Assignment:
Among the lines of the listing below, retype exactly those from the one containing "Coastal Bird paint by numbers" through the one containing "IMG_9973.JPG", both included. Do not include pictures.

————

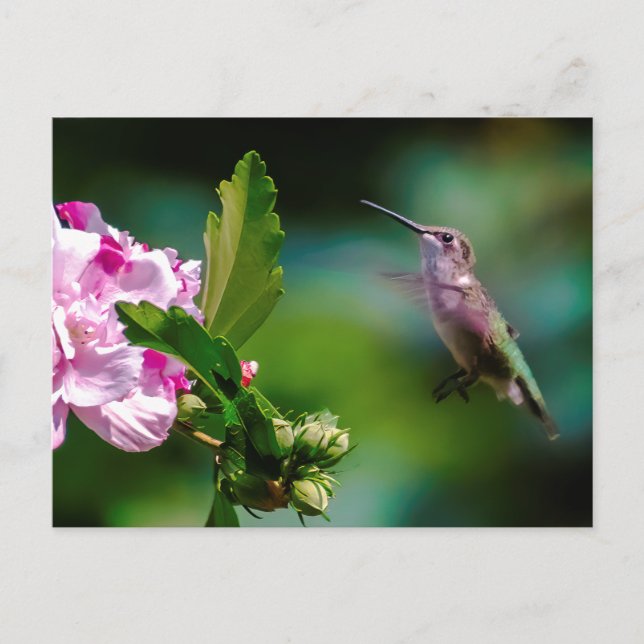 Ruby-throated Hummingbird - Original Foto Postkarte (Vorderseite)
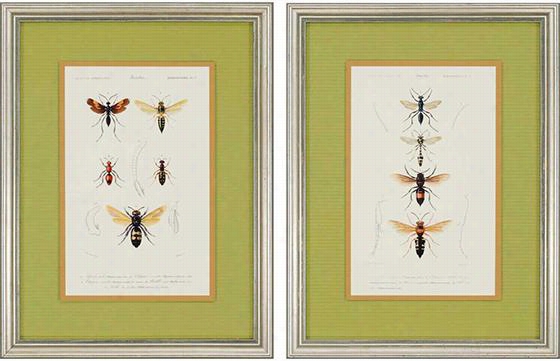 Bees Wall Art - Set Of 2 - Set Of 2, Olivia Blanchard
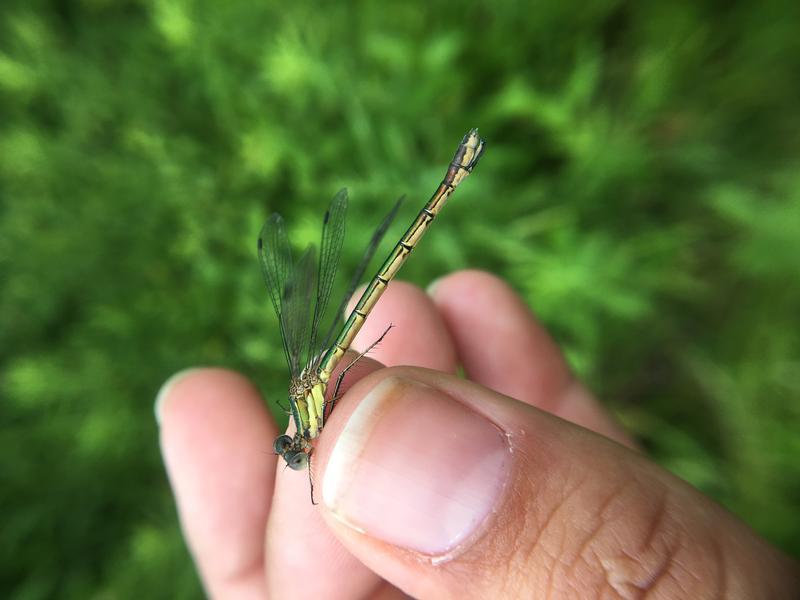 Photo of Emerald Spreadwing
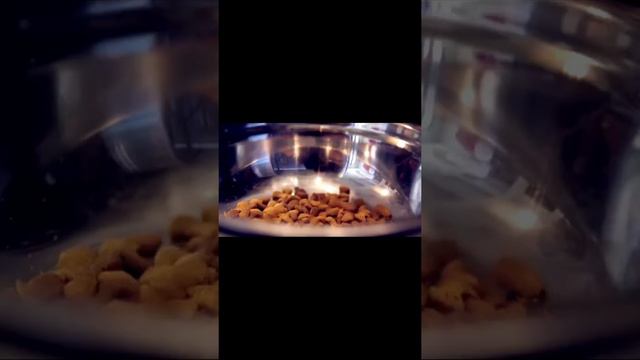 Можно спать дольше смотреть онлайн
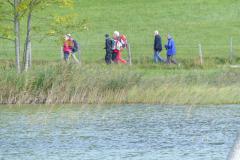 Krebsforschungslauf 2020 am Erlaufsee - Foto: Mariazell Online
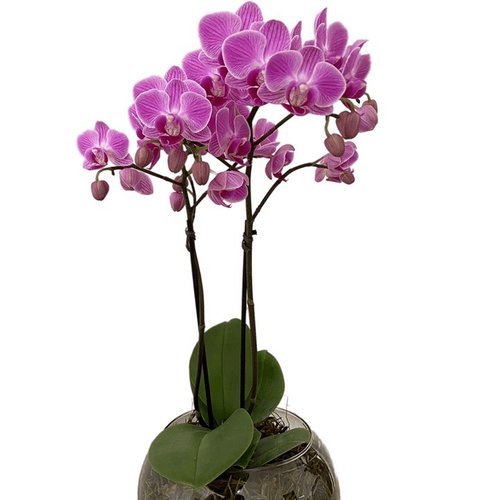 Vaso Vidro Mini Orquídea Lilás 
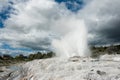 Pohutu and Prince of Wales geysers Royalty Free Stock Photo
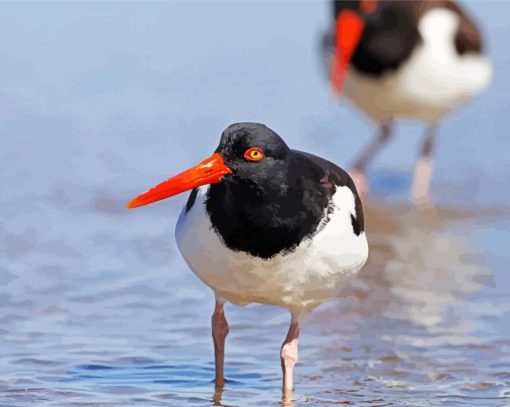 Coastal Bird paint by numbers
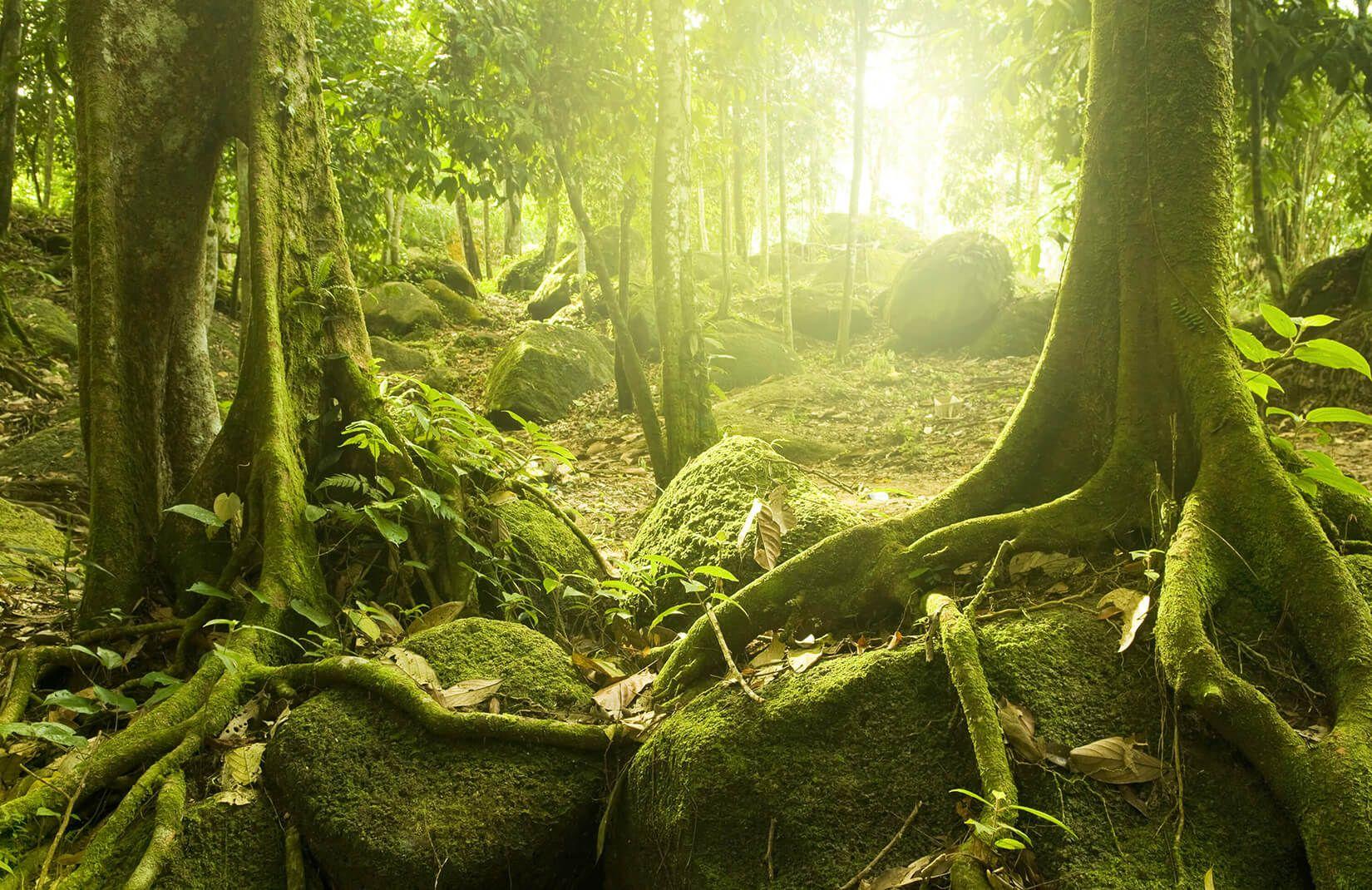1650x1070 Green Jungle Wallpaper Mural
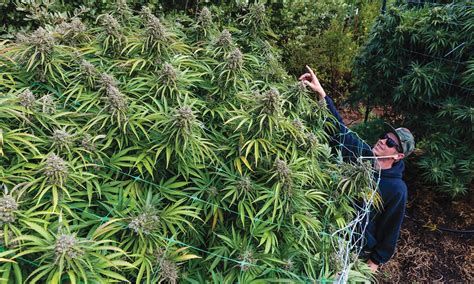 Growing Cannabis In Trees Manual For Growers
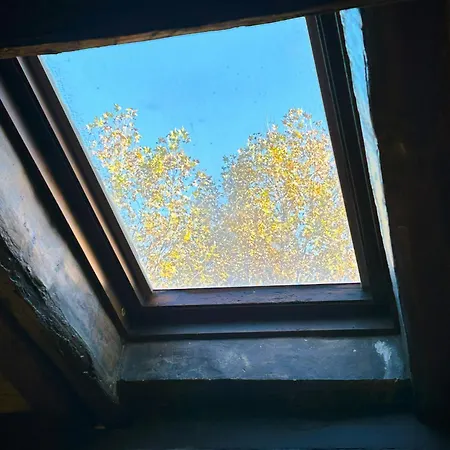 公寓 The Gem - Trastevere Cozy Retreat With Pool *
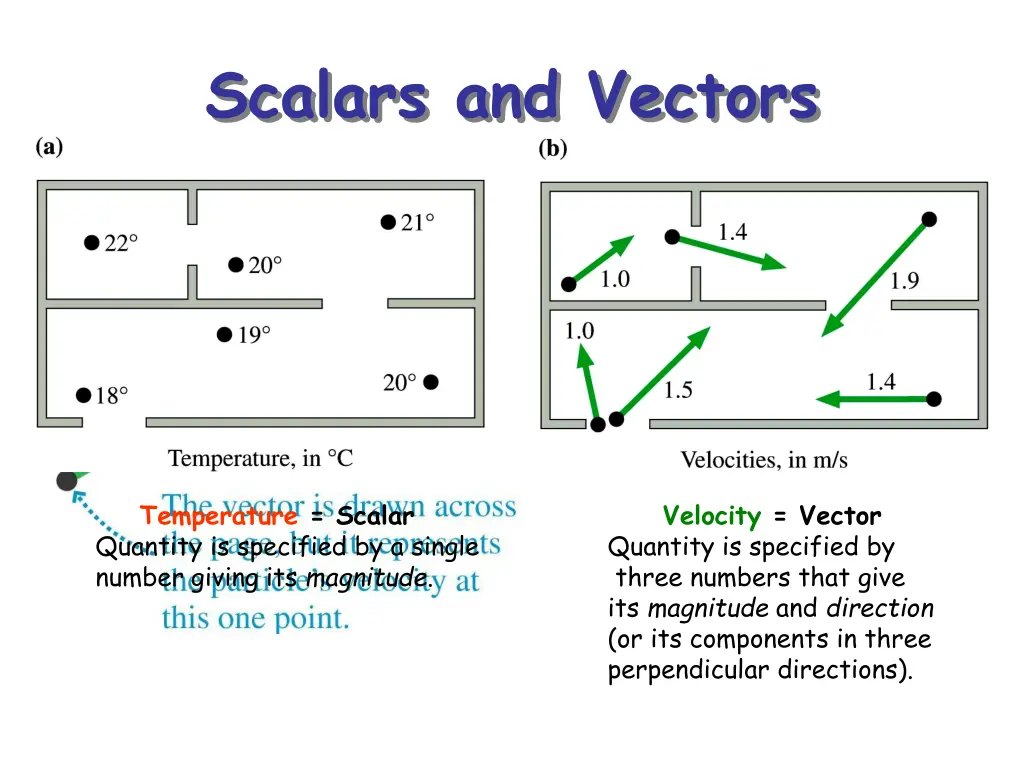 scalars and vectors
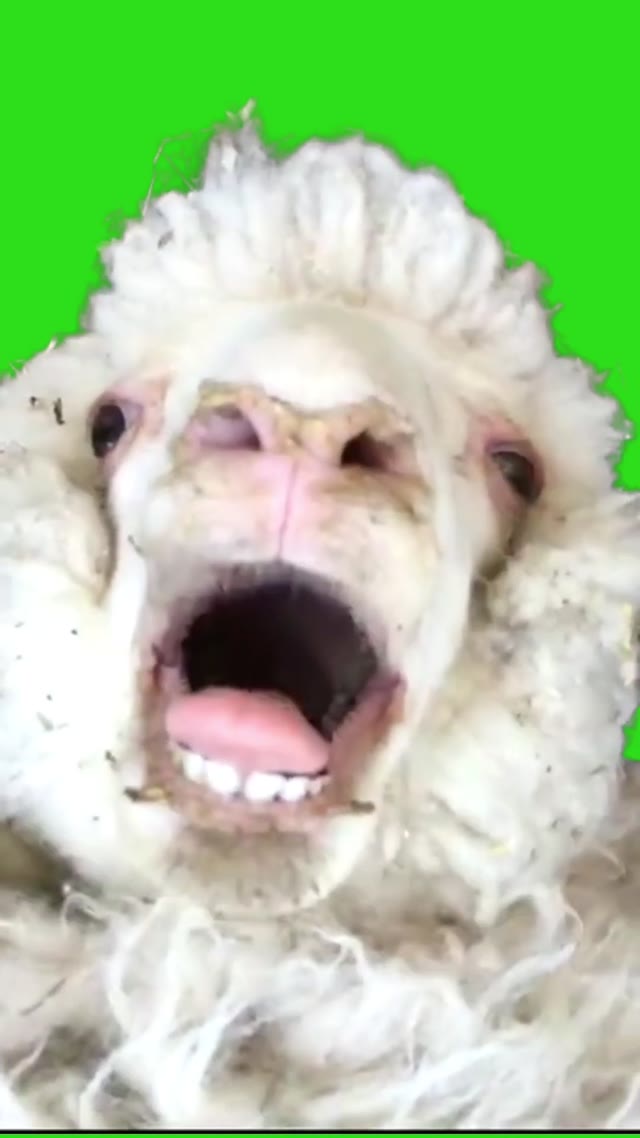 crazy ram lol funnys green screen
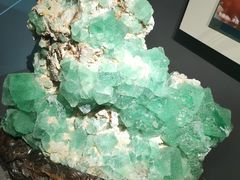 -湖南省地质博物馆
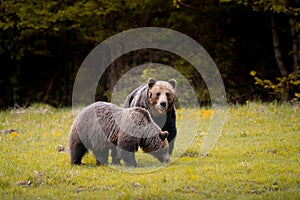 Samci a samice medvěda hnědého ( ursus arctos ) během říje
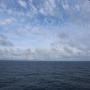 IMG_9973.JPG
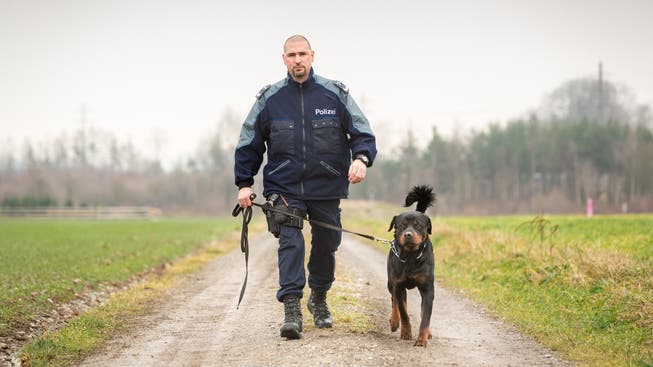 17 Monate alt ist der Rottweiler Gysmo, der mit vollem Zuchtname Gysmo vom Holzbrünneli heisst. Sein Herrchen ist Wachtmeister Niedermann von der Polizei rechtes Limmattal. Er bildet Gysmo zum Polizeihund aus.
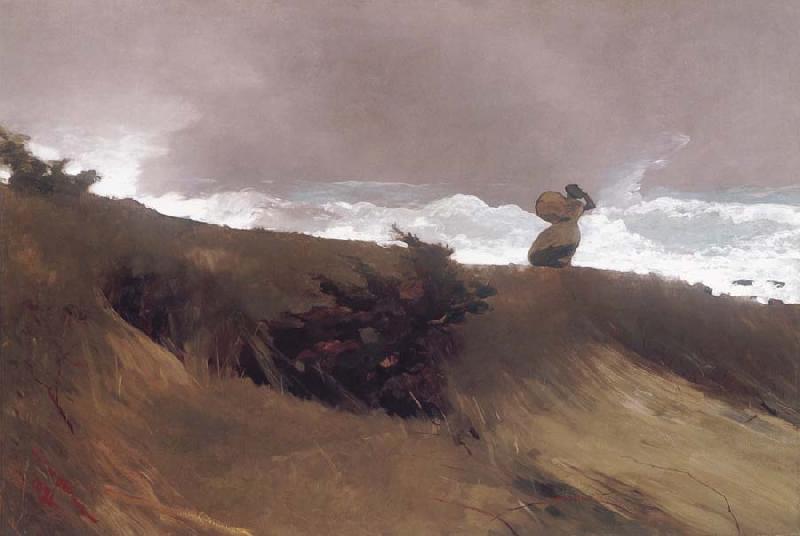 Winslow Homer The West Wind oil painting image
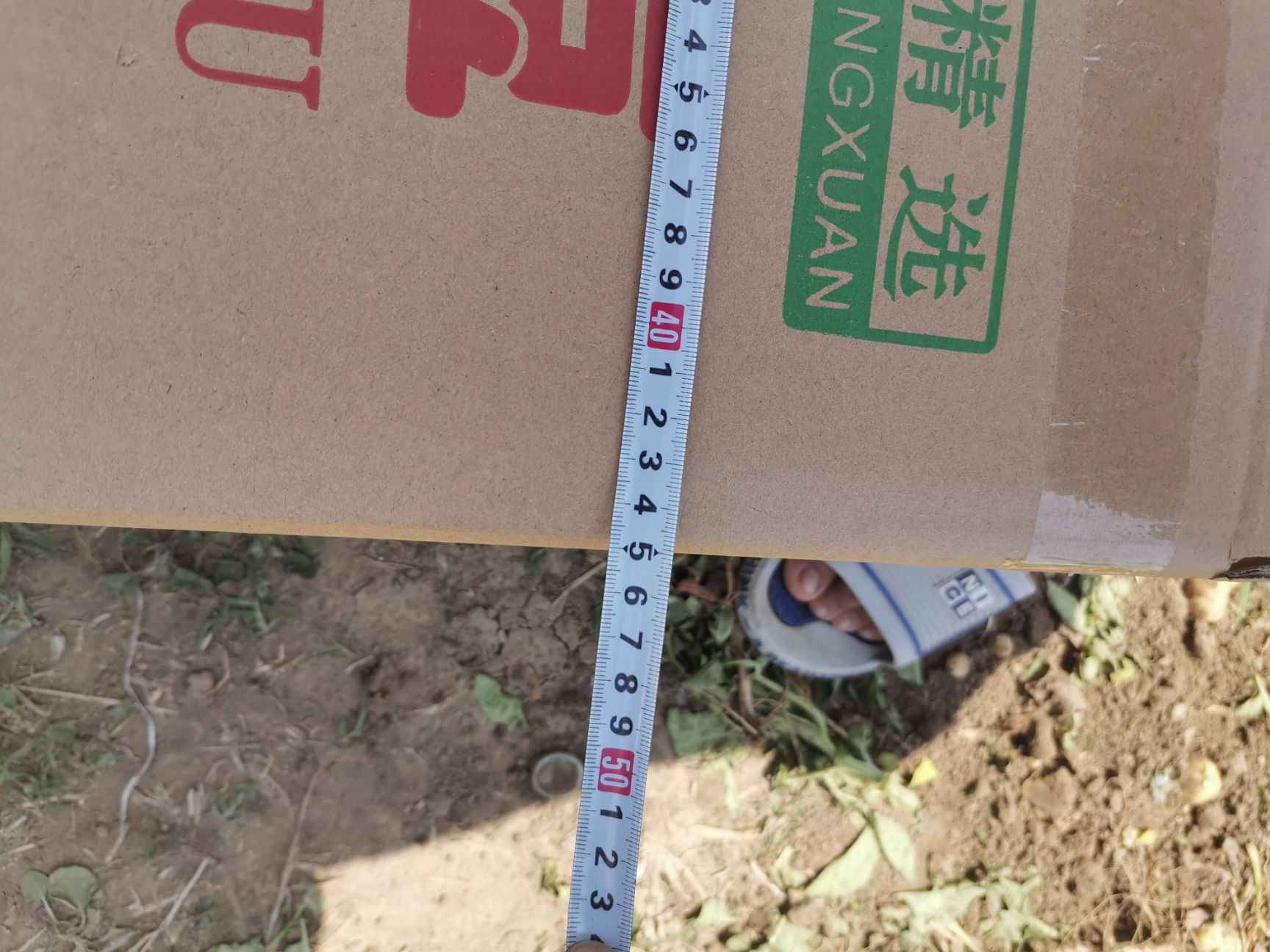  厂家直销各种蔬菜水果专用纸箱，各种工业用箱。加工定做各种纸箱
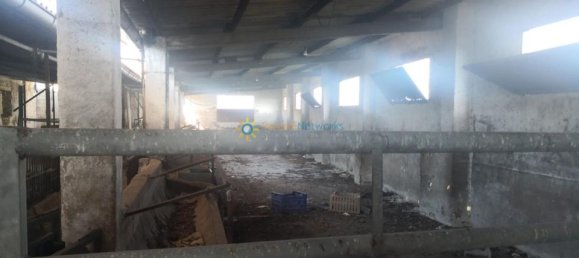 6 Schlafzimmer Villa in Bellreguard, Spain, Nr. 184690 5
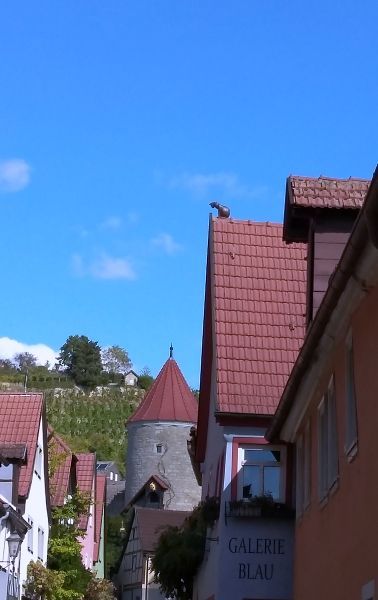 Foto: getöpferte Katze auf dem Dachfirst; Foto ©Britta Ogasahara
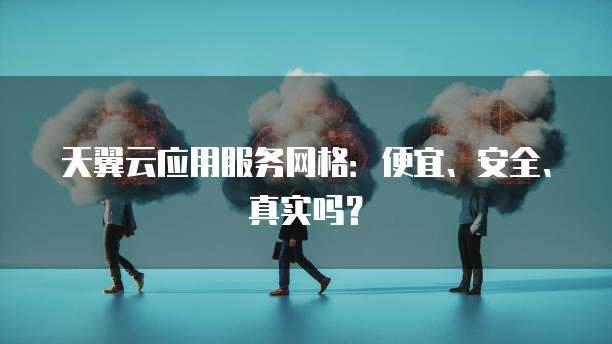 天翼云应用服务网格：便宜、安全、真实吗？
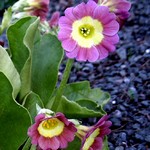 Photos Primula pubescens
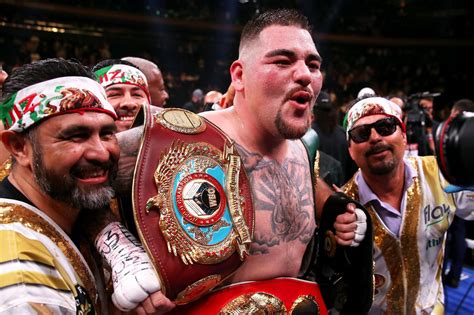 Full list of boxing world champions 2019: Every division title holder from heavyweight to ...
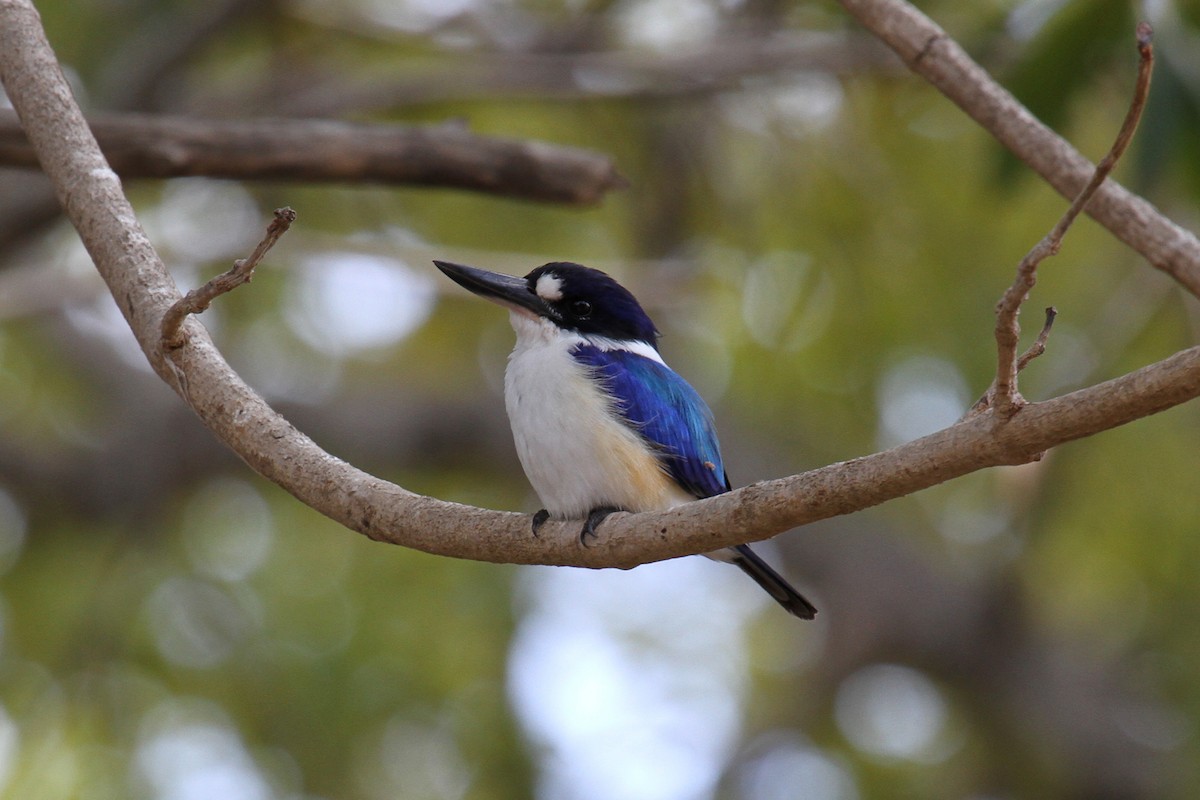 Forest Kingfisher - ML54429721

————

Reply:
 Coastal Bird paint by numbers
1650x1070 Green Jungle Wallpaper Mural
 Growing Cannabis In Trees Manual For Growers
 公寓 The Gem - Trastevere Cozy Retreat With Pool *
 scalars and vectors
 crazy ram lol funnys green screen
 -湖南省地质博物馆
 Samci a samice medvěda hnědého ( ursus arctos ) během říje
 IMG_9973.JPG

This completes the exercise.